━━━━━ MATERIAL FOR THIS EXERCISE ━━━━━

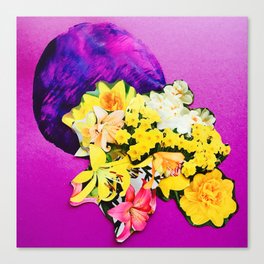 Garden Circle - Violet Canvas Print
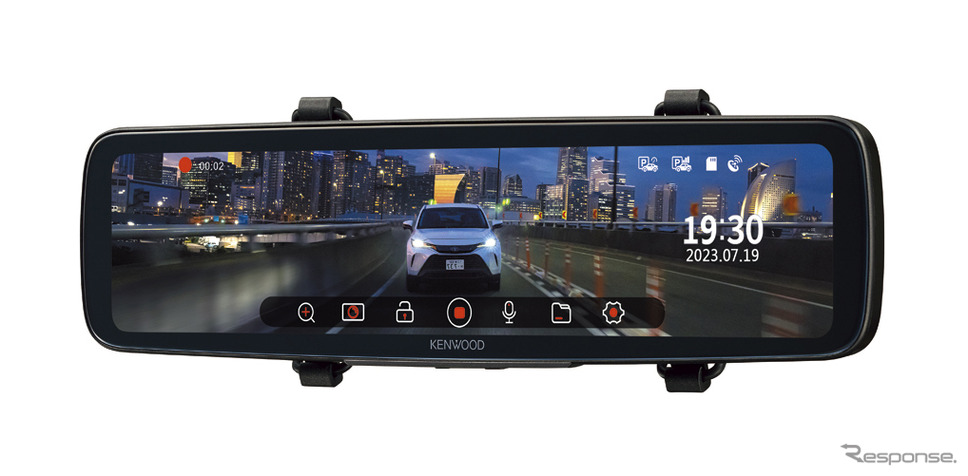 デジタルルームミラー型ドライブレコーダー「DRV-EM4800」《画像提供:JVCケンウッド》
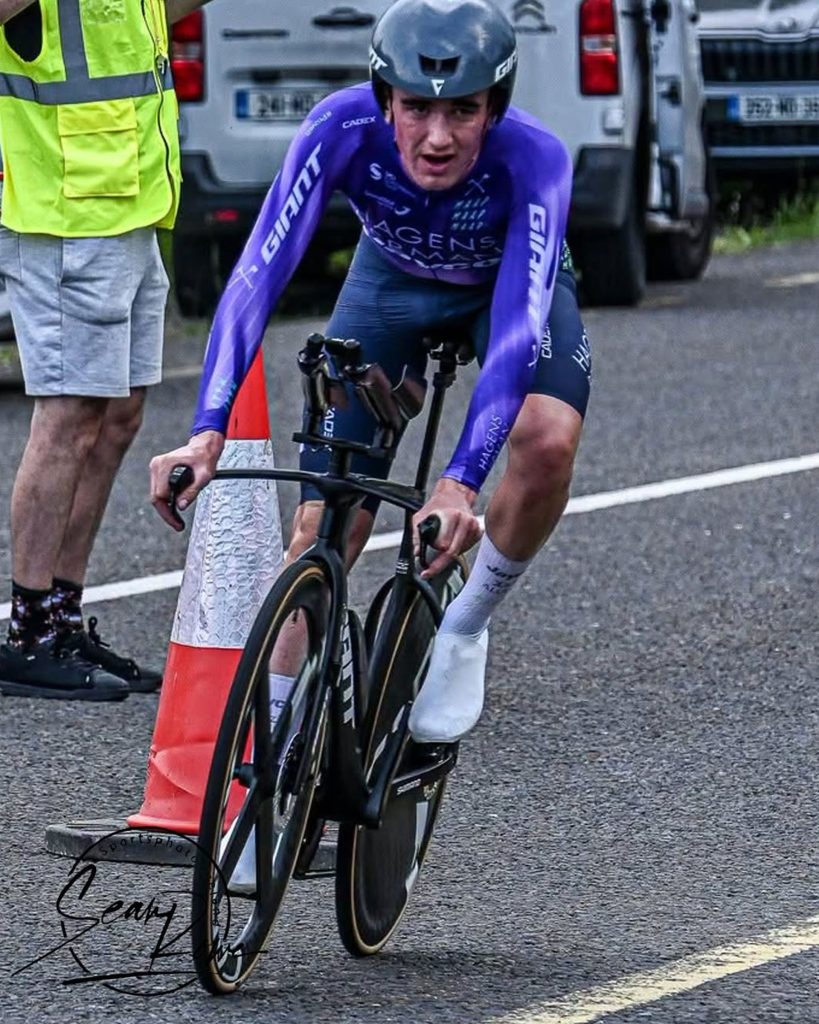 Adam Rafferty, 2026 Irish Men's U23 ITT Champion.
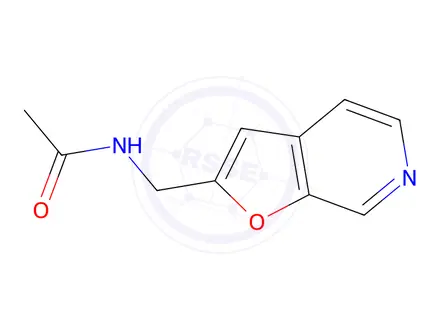 Chemical structure of Acetamide, N-(furo[2,3-c]pyridin-2-ylmethyl)-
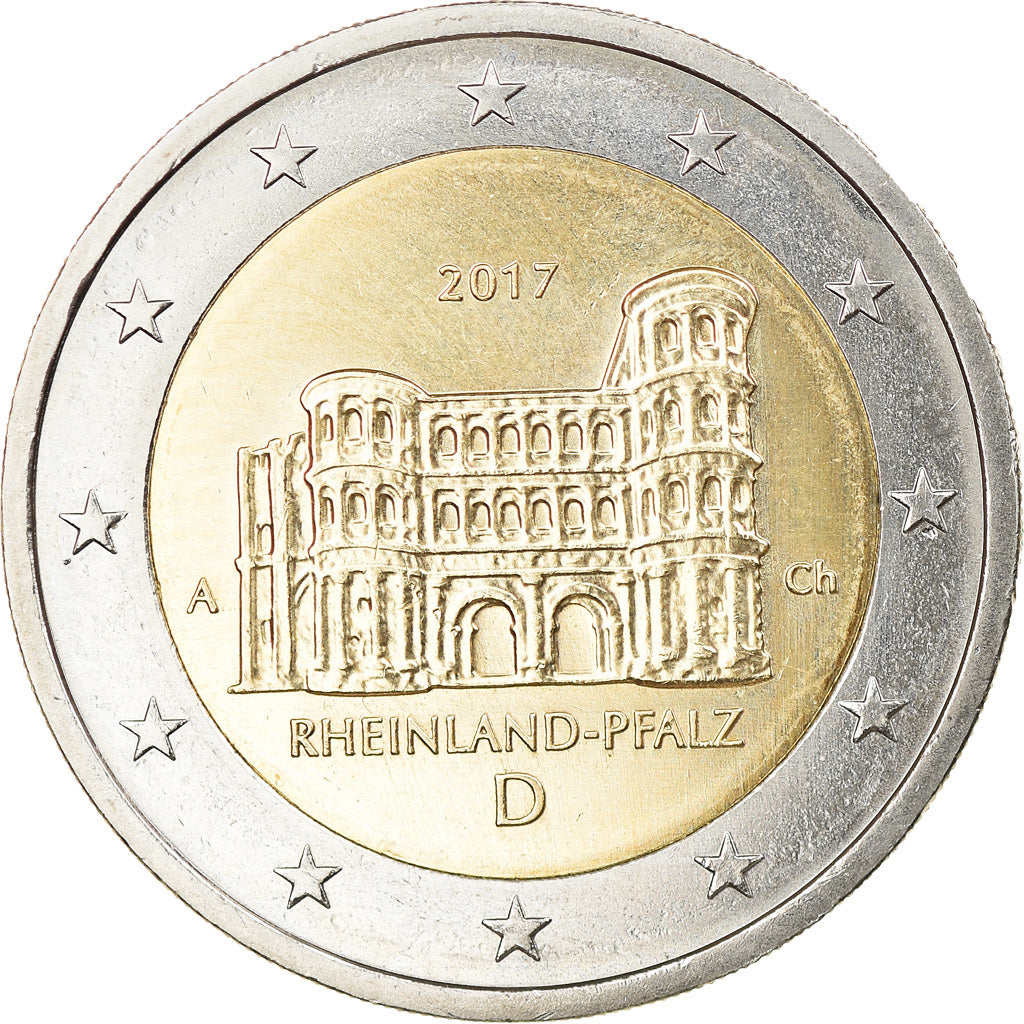 GERMANY - FEDERAL REPUBLIC, 2 Euro, Rhénanie-Palatinat, 2017, Berlin, MS(63)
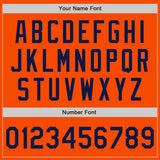 Custom Orange Navy Authentic Baseball Jersey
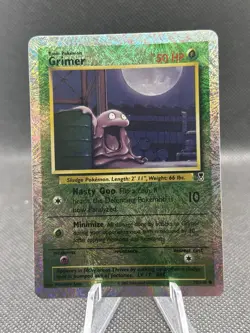 Pokemon TCG Grimer Legendary Collection Reverse Holo Card 78/110 2002 LP - Image 1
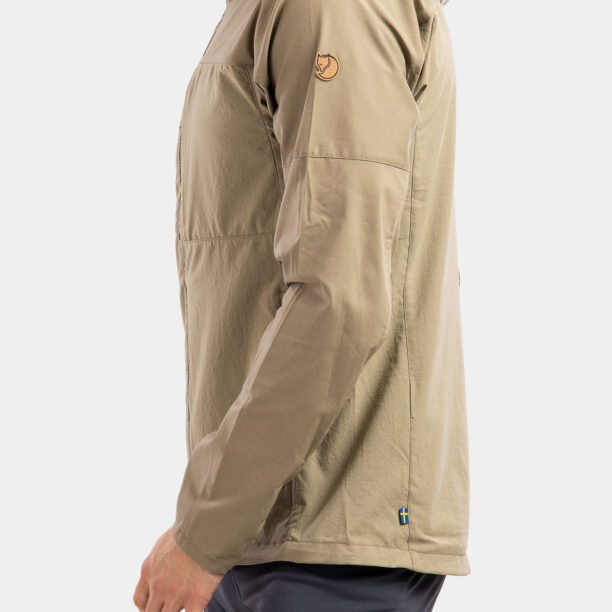 Original Geaca barbati Fjallraven Abisko Midsummer Jacket - savanna/light olive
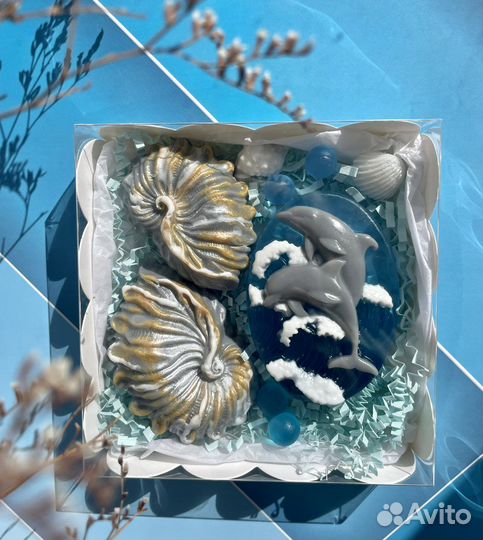 Мыло ручной работы набор Дельфины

━━━━━

» WHAT NEEDS TO BE DONE
Go to the line that contains "デジタルルームミラー型ドライ" and copy it and every line after it through the end of the entries, exactly, without the pictures.

» SOLUTION FOR THIS TASK
 デジタルルームミラー型ドライブレコーダー「DRV-EM4800」《画像提供:JVCケンウッド》
 Adam Rafferty, 2026 Irish Men's U23 ITT Champion.
 Chemical structure of Acetamide, N-(furo[2,3-c]pyridin-2-ylmethyl)-
 GERMANY - FEDERAL REPUBLIC, 2 Euro, Rhénanie-Palatinat, 2017, Berlin, MS(63)
 Custom Orange Navy Authentic Baseball Jersey
 Pokemon TCG Grimer Legendary Collection Reverse Holo Card 78/110 2002 LP - Image 1
 Original Geaca barbati Fjallraven Abisko Midsummer Jacket - savanna/light olive
 Мыло ручной работы набор Дельфины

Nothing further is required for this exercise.